面向俄语语音生成模型的音素与韵律挑战的数据中心化框架
A Data-Centric Framework for Addressing Phonetic and Prosodic Challenges in Russian Speech Generative Models
July 17, 2025
作者: Kirill Borodin, Nikita Vasiliev, Vasiliy Kudryavtsev, Maxim Maslov, Mikhail Gorodnichev, Oleg Rogov, Grach Mkrtchian
cs.AI
摘要
俄语语音合成面临独特挑战,包括元音弱化、辅音清化、多变的重音模式、同形异义词歧义以及不自然的语调。本文介绍了Balalaika,一个包含超过2000小时录音室品质俄语语音的全新数据集,并配有详尽的文本标注,涵盖标点符号和重音标记。实验结果表明,基于Balalaika训练的模型在语音合成与增强任务上均显著优于使用现有数据集训练的模型。我们详细阐述了数据集构建流程、标注方法及对比评估结果。
English
Russian speech synthesis presents distinctive challenges, including vowel
reduction, consonant devoicing, variable stress patterns, homograph ambiguity,
and unnatural intonation. This paper introduces Balalaika, a novel dataset
comprising more than 2,000 hours of studio-quality Russian speech with
comprehensive textual annotations, including punctuation and stress markings.

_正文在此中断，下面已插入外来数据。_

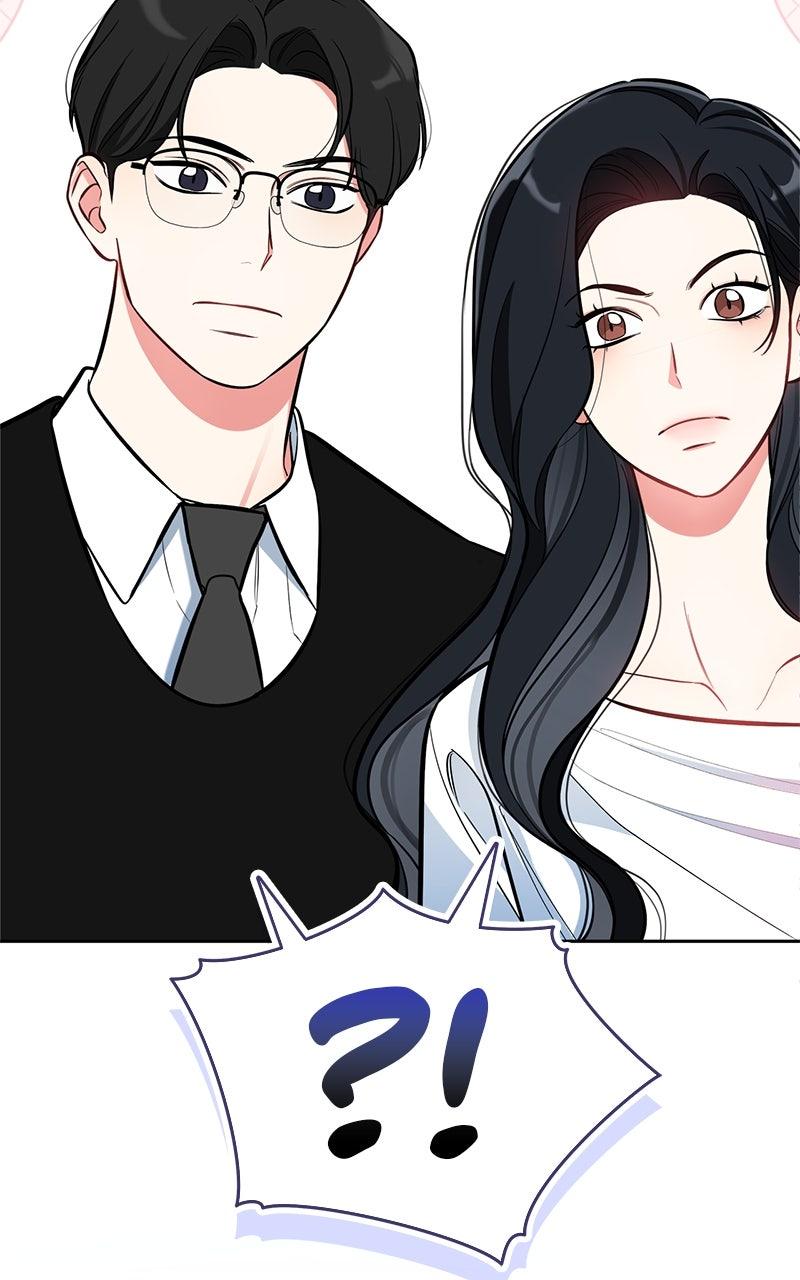 Woke Up as the CEO's Dog Chapter 45 page 88 -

Experimental results show that models trained on Balalaika significantly
outperform those trained on existing datasets in both speech synthesis and
enhancement tasks. We detail the dataset construction pipeline, annotation
methodology, and results of comparative evaluations.